Ten debutants for Doncaster Rovers. Just the one for AFC Wimbledon.
One side looked organised, aware and single-minded. The other was disjointed, incoherent and off-colour.
It does not particularly need pointing out which was which.
So it proved to be an opening day of frustration and disappointment for Rovers - and one we probably should have seen coming.
Preparations for the new campaign have hardly been ideal. Losing players to self-isolation and injury robbed Richie Wellens of vital days on the training ground where plans would have been brought to fruition.
Through no fault of his own, Rovers entered the campaign not so much undercooked as barely having being in the oven at all.

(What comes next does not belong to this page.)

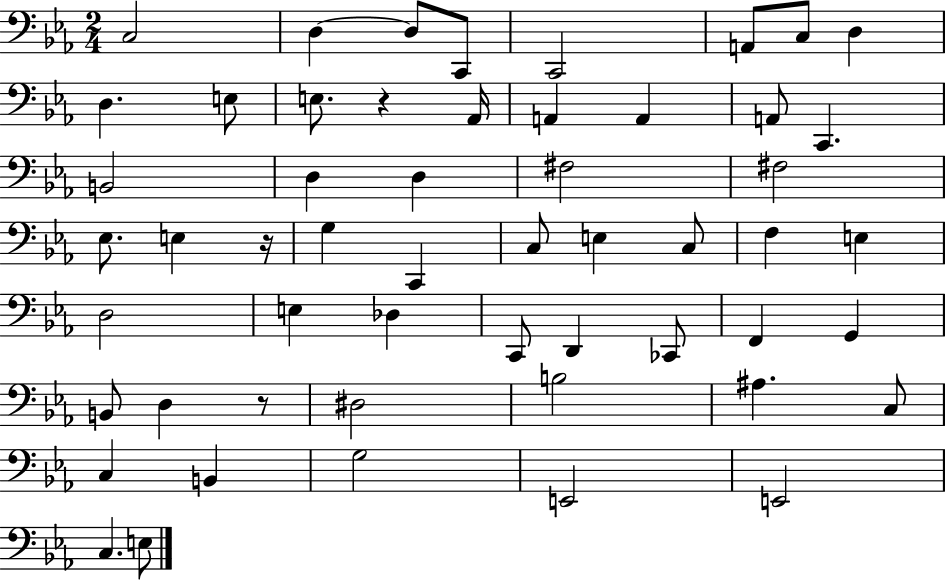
C3/h D3/q D3/e C2/e C2/h A2/e C3/e D3/q D3/q. E3/e E3/e. R/q Ab2/s A2/q A2/q A2/e C2/q. B2/h D3/q D3/q F#3/h F#3/h Eb3/e. E3/q R/s G3/q C2/q C3/e E3/q C3/e F3/q E3/q D3/h E3/q Db3/q C2/e D2/q CES2/e F2/q G2/q B2/e D3/q R/e D#3/h B3/h A#3/q. C3/e C3/q B2/q G3/h E2/h E2/h C3/q. E3/e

There were plenty of times when it was brutally apparent that the XI had never played together, such was the absence of fluidity.
There will be plenty of discussion of recruitment, of Rovers needing more depth and certainly requiring greater firepower.
A patched-up front line will back-up those grumbles - though the absence of three key players due to injury suggests bad luck is as much a cause as poor planning.
But even in areas where Rovers are better stocked, there was an absence of the coherency a Wellens side thrives on.
The back four, under pressure from a Wimbledon side packed with energy and encouragement, looked nervy at times and made poor decisions.
The quality on the ball that Matt Smith and Ben Close are expected to bring to proceedings barely got going as the side as a whole struggled for control of the game throughout.
Wellens had intended to watch plenty of the game from the gantry, communicating down to his assistant Noel Hunt in the technical area.
The Rovers boss lasted five minutes before he was pitchside himself, unable to hide the frustration he was feeling. He would be up and down the steps like a yo-yo throughout.
There was little to give Wellens encouragement that he could have an extended stay at the back of the stands. Barring a few scattered surges forward, there was little in the way of attacking threat throughout from Rovers.
Second best for much of the first half, they made it through without conceding largely thanks to an excellent save from new keeper Pontus Dahlberg, to deny Ayoub Assal.
And it looked as though fortunes were turning when Charlie Seaman hooked in after good hold-up work from Tiago Cukur, marking his long-awaited debut with a goal mere seconds after the break.
It did not last. Wimbledon were quickly back on the front foot and level within 11 minutes.
Assal was sprung clear after a tangle on the edge of the box and he slotted beyond Dahlberg.
And it was the visitors who remained the most threatening.
By 74 minutes, they were in front. Luke McCormick - their sole debutant - curled in a low free kick after Smith handled on the very edge of the box.
Rovers wilted as the time ticked by, rendering the likelihood of an equaliser almost non-existent.
Better is definitely needed and now it falls to Wellens and Hunt to bring about coherence within the hustle and bustle of the season.